Daniel Wohl: 323 (Transit) on New Amsterdam Records
Like so much of what we play on Second Inversion, “323” by Daniel Wohl is difficult to categorize. It’s an exuberant piece full of interesting sounds, found noises, and jangly percussion that I’m fairly sure is pots and pans yet the overall feel of the piece can be summed up with the word “radiant.” It’s music that pulsates and cuts into your tympanic membrane with its soft edges. “323” is like if drone and a junkyard gave birth to… a solar system? It’s confusing, but it is a bold confusion that truly works and inspires. – Rachele Hales
Tune in to Second Inversion in the 1pm hour today to hear this recording.
Darcy James Argue: Phobos (Darcy James Argue’s Secret Society) on New Amsterdam Records
If you’re someone who is immersed in (small ‘c’) classical music most or all of the time, it can be refreshing (and necessary) to bend your ears on something that really challenges you to think about what makes music “classical.” Where are the boundaries of the art form? Darcy James Argue’s track Phobos can help you grapple with (if not answer) these questions. This is first and foremost jazz, but it has so many elements more closely associated with other types of music that it really forces listeners to ask themselves some tough questions (if they are insistent on classifying the music at all!). Among the shades of minimalism and post-rock, those big-band “jazz” chords begin to sound like tone clusters… Listen to the barriers fall! Wonderful! – Seth Tompkins
Tune in to Second Inversion in the 4pm hour today to hear this recording.
Missy Mazzoli: Vespers for a New Dark Age (Victoire, Lorna Dune, and Glenn Kotche) on New Amsterdam Records
The Western classical music tradition as we know it began in the Church. And both the Church and the Western classical music tradition have historically excluded women from positions of power and authority.
Which is a big part of what makes composer Missy Mazzoli’s 30-minute masterwork Vespers for a New Dark Age so striking, so liberating, and—for lack of a better word—so brilliant. Performed with her all-female new age art pop ensemble Victoire, electro keyboardist Lorna Dune, and rock drummer Glenn Kotche, the piece reimagines the traditional vespers prayer service in the modern age, replacing the customary sacred verses with the haunting and elegant poetry of Matthew Zapruder.
The result is a 21st century version of the vespers service which explores the intersection of our modern technological age with the old-fashioned formality of religious services. Oh, and I guess it could also be heard as a feminist assertion of women’s immense (and too often forgotten) contributions to the classical music tradition. – Maggie Molloy
Tune in to Second Inversion in the 6pm hour today to hear this recording.

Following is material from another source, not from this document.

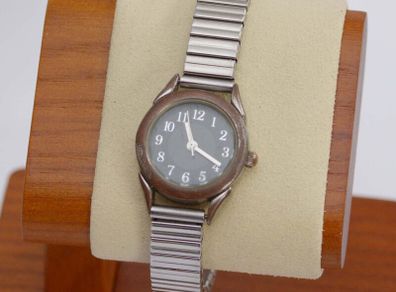 Ladies Quartz Watch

Kevin Puts: River’s Rush (Marin Alsop, Peabody Symphony Orchestra) on NAXOS Records
With its churning arpeggios and big, muscular orchestration, this piece reminds me of hurtling down the Salmon River in Idaho on a whitewater rafting trip. The tremendous excitement that the opening music generates is matched by the beauty of a lushly-orchestrated, flowing middle section. A winner of the Pulitzer Prize for his opera Silent Night, Puts is known for his flute and piano concertos and four symphonies, but this stand-alone work might be my new favorite. – Geoffrey Larson
Tune in to Second Inversion in the 9pm hour today to hear this recording.